2. And when the cue ball moves, it will first slide sideway along the tangent line, and then go forward (or backward) in a parabola path.
Unless it is a double-hit, the cue ball will never travel almost as fast as the object ball, and the cue ball will never go forward at a sharp angle immediately without first sliding along the tangent line
To illustrate this to yourself, shoot such a shot with the cue ball and object ball set 2 feet apart. This "2 feet apart" is short enough that the effect would be exactly the same as "2 inches" apart, but you're know for sure what you won't double-hit.
You can see from Patrick's screenshot that, in the original shot, the cue ball goes forward too sharply (less than 45 degrees angle, no sideway sliding along the tangent line at all) and too quickly (reaching the rail almost right after the object ball). Both are strong indicators that it is a double-hit.
I just tried the shot myself, and made it on the first try! (Lucky, I promise

)
Notice, my CB went forward maybe 1/4 ball diameter. I think this was actually due to the camera perspective and slight cut angle. I hit it with slight low right.
You can put the video to play on slow motion speed on the youtube settings. And I have the original recording that is 24 frames per second, and I can show further frames if anyone wants to see them (I think I can anyway...)
https://youtu.be/TPqeRt-7oXY
I thank you too (but not for Wybrook's reason). You have just demonstrated for us that the cue ball first "hesitates", and then slide sideawy along the tangent line, and then the draw takes and it curves along a parabolic path.
Like Patrick Johnson said, your shot is good but it's very different from the original shot. It doesn't prove or disprove anything about the original shot.
You were happy that you "made it". But the whole point of this discussion is not about pocketing the corner ball. It's about making a good hit.
Thank you..
I tried to tell people its a fairly easy shot, but things get over complicated I think..
If you strike it harder, and draw a bit more, you will get more of the reaction in the video.
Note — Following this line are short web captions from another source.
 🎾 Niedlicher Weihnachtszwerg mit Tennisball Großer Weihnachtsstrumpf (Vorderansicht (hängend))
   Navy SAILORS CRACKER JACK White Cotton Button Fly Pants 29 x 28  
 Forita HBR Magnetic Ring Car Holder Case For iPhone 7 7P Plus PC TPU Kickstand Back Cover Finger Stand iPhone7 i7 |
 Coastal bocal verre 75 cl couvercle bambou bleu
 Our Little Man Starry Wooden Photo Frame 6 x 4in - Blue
Plus, your cloth is not as new as the video so it won't slide as much..
Good shot.
If you can't tell that iusedtoberich's shot is different from the original shot, then I don't know what to say.
You jerked your stick back after striking the cue ball. What happens if you follow all the way through?
Nice table.
If he had followed all the way, he might have hit the cue ball twice. There's nothing wrong with pulling the cue back to avoid a double-hit. Sometimes you just have to do that.
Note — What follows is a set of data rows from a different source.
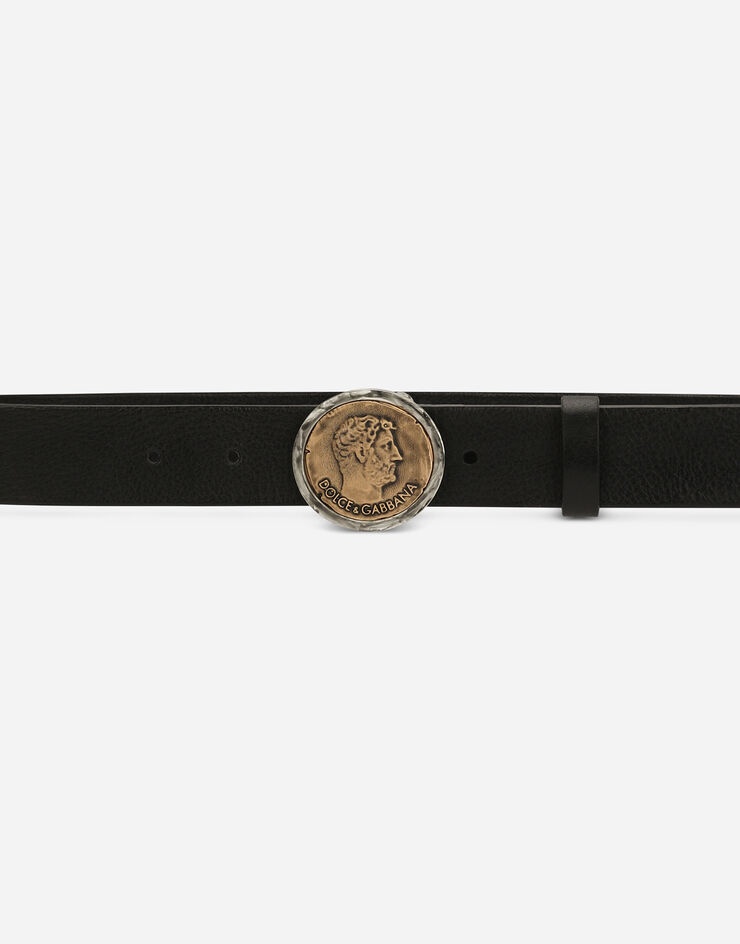Leather belt with brand coin - 3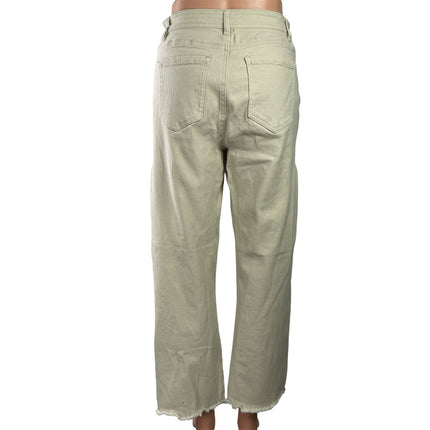 Forever 21 Women's Beige High Rise Wide Leg Raw Hem Baggy Denim Jeans Size 27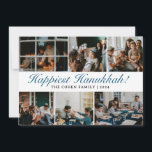 Hanukkah Typography Blue family photo Collage  Holiday Card<br><div class="desc">Hanukkah Typography Blue family photo Collage</div>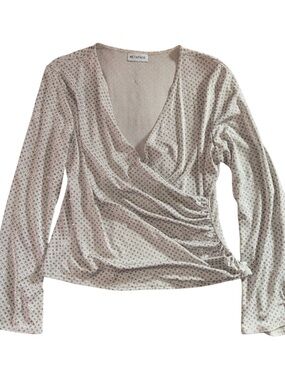 Metaphor Taupe Wrap-Front Long Sleeve Stretch Top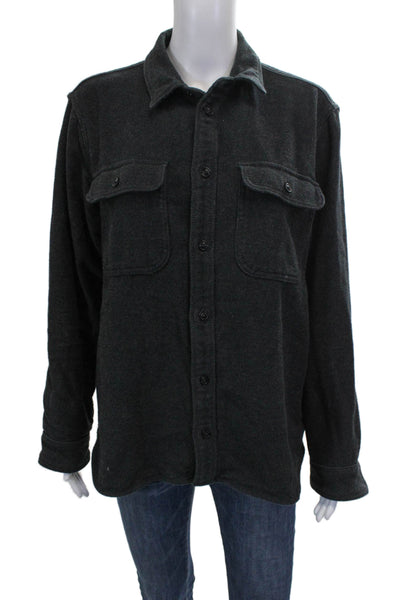 Everlane Mens Solid Gray Cotton Collared Button Up Long Sleeve Size L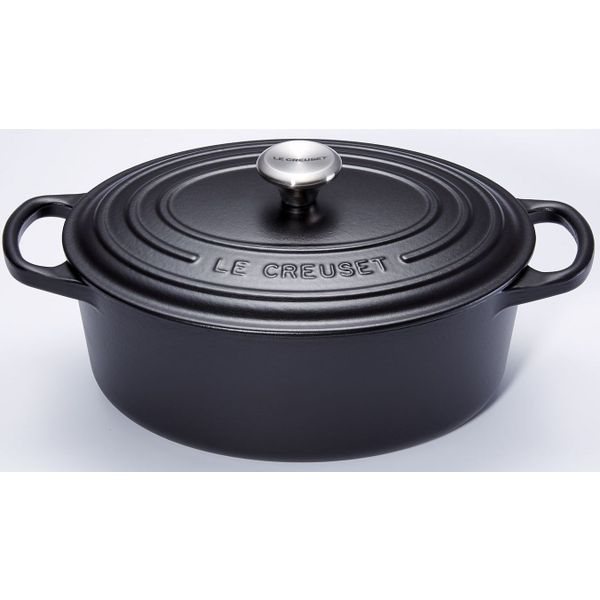 Le Creuset Gietijzeren Ovale Cocotte met zwart interieur 40cm 13,9L Zwart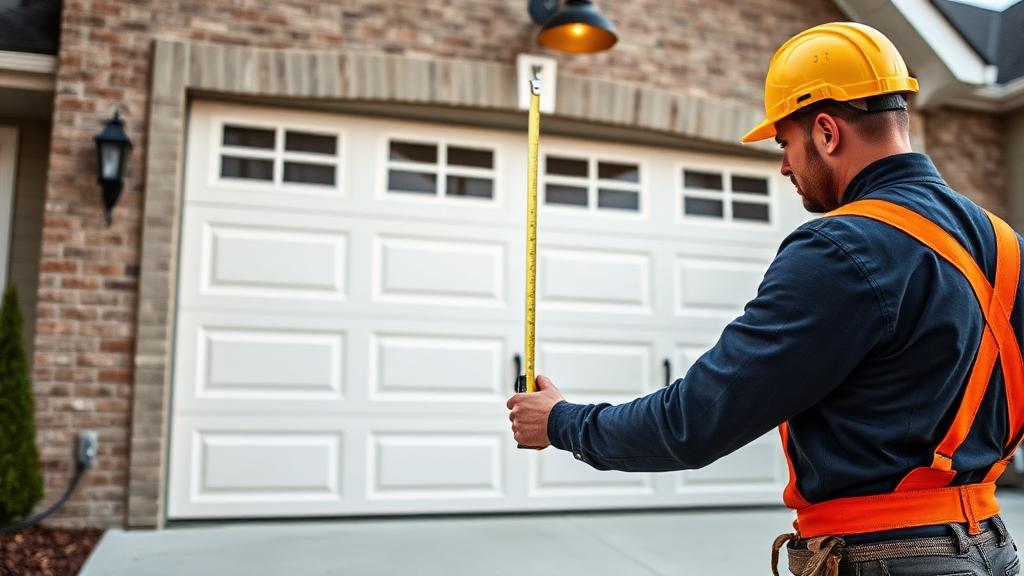 Professional contractor measuring a garage door opening with tape measure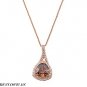 25MM .925 ITALIAN BROWN TRILLION CZ TEAR DROP PENDANT W/ 16 +1"CHAIN NECKLACE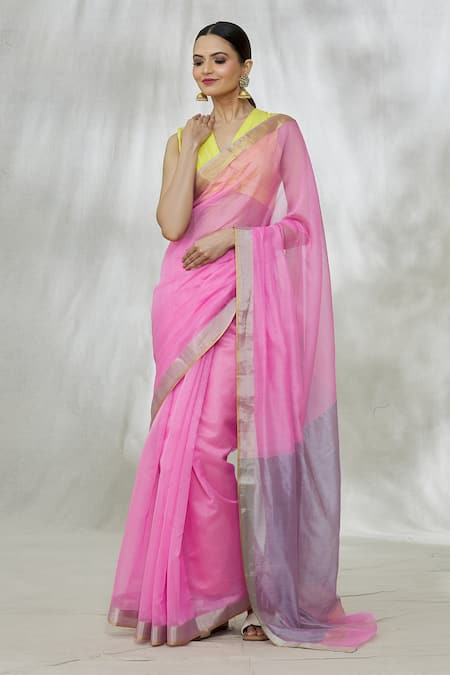 Mint N Oranges_Pink Chanderi Contrast Pallu Saree With Unstitched Blouse Fabric_Online_at_Aza_Fashions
My shot was the same "idea" as the Facebook video in question. Sure, the balls might have been an inch or so different locations, and of course, I did not have that blocking ball. But the point of the Facebook shot was to curve with a lot of draw, and come back into the hanging ball in the corner. My shot and the Facebook shot both took very similar paths.
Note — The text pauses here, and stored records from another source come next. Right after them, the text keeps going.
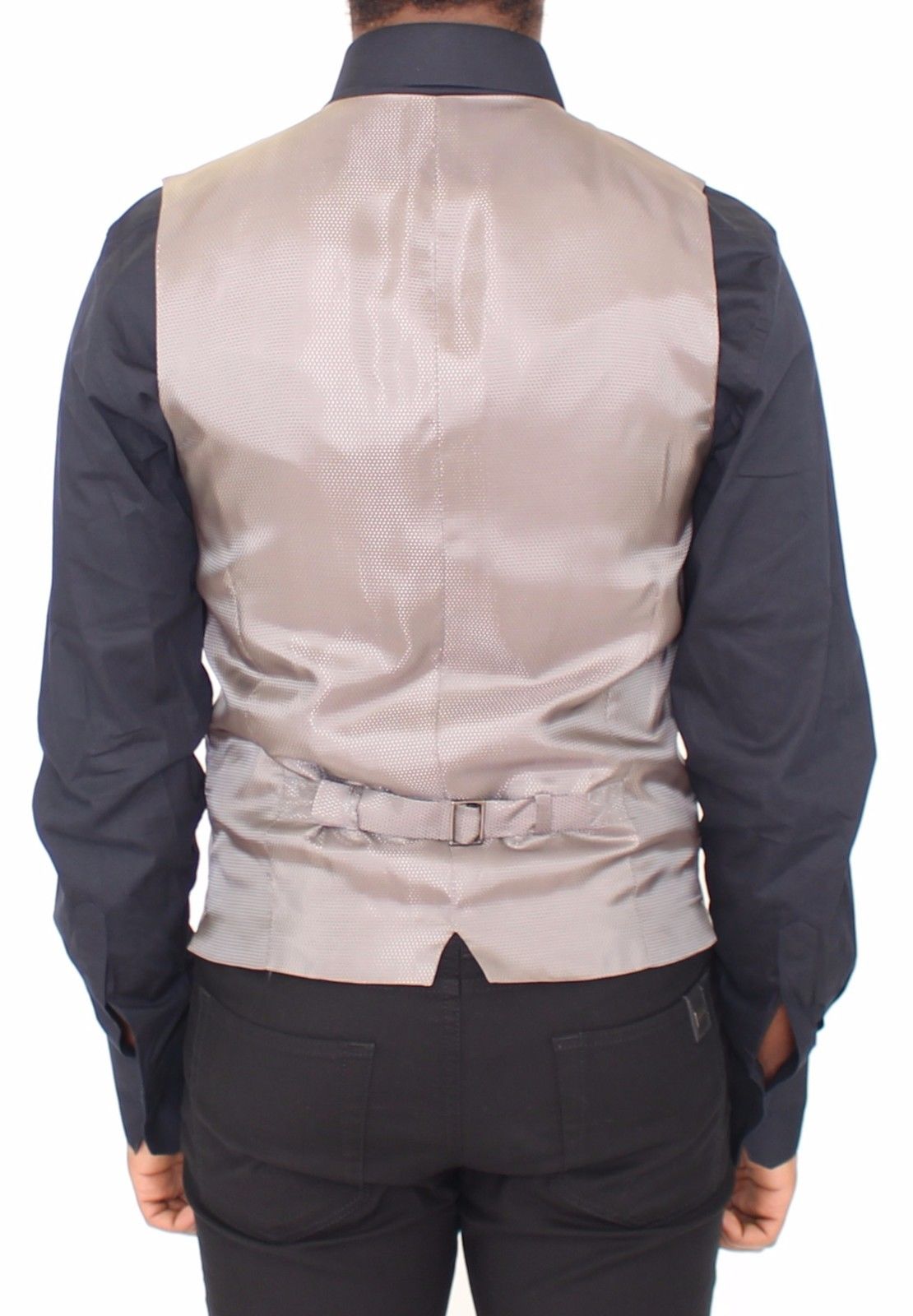 Beige Baumwolle Kleid Weste Blazer Jacke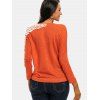 Pull Panneau en Dentelle Au Crochet à Manches Chauve-souris - Orange M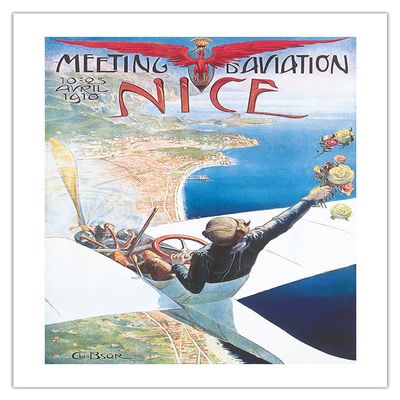 1910 Aviation Meeting (Meeting dAviation) - Nice France - Vintage Aviation Poster by Charles-Lonce Bross - Bamboo Fine Art 290gsm Paper (Unframed) 12x16in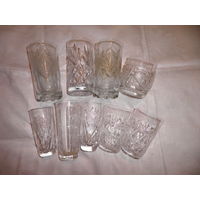Хрусталь из СССР стаканы,рюмки 9 шт.С рубля.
The differeecnce between our shots, and the whole point of this thread, is that in the Facebook shot, the CB went forward of the tangent line (while having insane amounts of draw) by several ball diameters. My CB went forward of the tangent line only about 1/4 ball diameter, and as I said in my video post, that was most likely an optical illusion due to the camera angle and cut angle.
Both shots are fundamentally the same. Mine was a legal hit. The Facebook one was either a double hit, or a trick OB/CB mass setup.
The whole point of this discussion is whether you can shoot the Facebook shot without double-hitting. And you showed us a different shot.
To any future brave contestant: if you think you can make the cue ball goes forward directly and immediately at such a sharp angle without double-hitting, then do it again with the cue ball and object ball set 2 feet apart.